A recent report showed that FTX‘s sister company, Alameda Research, might soon face solvency issues.
This has led the world’s leading crypto exchange, Binance, to liquidate all of its FTT holdings which the FTX exchange has issued. As per the report, Alameda Research has a debt of nearly 54% as of June 30, most of which is FTT, indicating the firm’s insolvency might pose an issue later on.
Alameda Research’s and FTX’s CEO, Sam-Bankman Fried, came forward to assure everyone that Alameda Research still has more than $10b of assets that are still safe, and the situation is relatively under control.
However, on November 7, Binance’s CEO “CZ” claimed that they are liquidating all of their FTT holdings. Their stance is that this move was made in the interest of risk management, as they have learnt their lesson from the Terra crash earlier this year.
Alameda Research CEO Caroline Ellison responded to this by saying:
“If you are doing this to minimize the effect on the crypto market, then the firm is ready to buy all the tokens at $22.”

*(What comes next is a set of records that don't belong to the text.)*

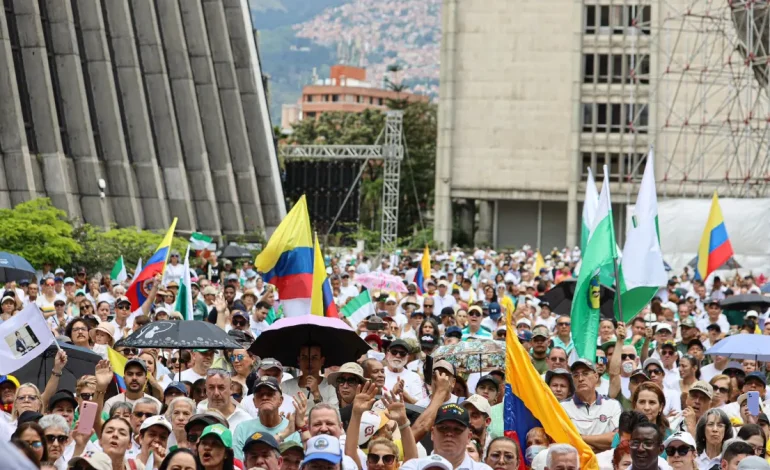 «Evento Urban Paz» fue golpeado contra Medellín y Antioquia «: Consejero Andrés Felipe Tobón
– Primer plano
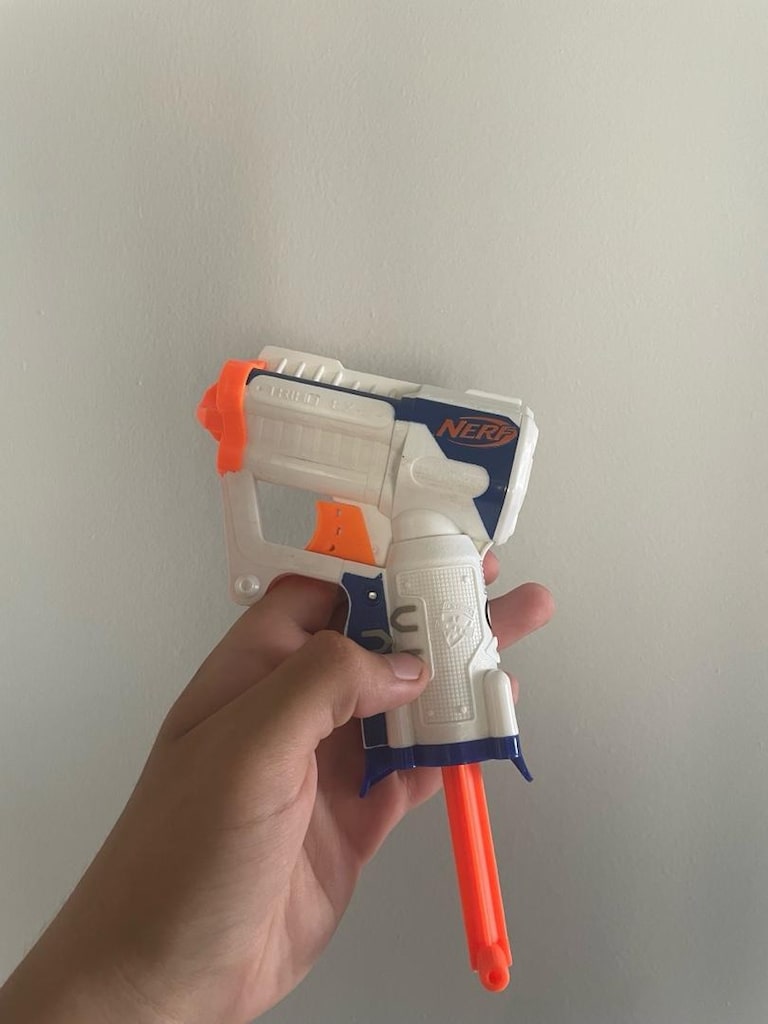 Nerf TRIAO EX-3 - 3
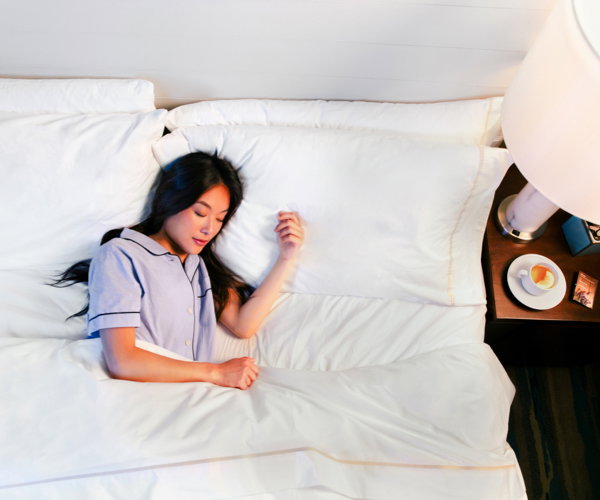 Westin Heavenly Bed Offer Landing Page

FTX Liquidation To Be Gradual, Will Not Affect Markets
All this began a few days ago when Binance CEO Changpeng Zhao claimed to have received $2.1 billion in BUSD and FTT tokens, as it was one of the earliest investors. The firm now plans to sell $600 million worth of assets on the open market over the next two months.
On the other hand, huge stablecoins have moved from wallets to Huobi, Okx, Kucoin and other significant exchanges after Binance announced that it would liquidate its FTT holdings.
However, as of now, the FTX exchange has faced no issue with liquidation or existing debt, indicating that Binance’s move to sell FTT should not affect regular investors.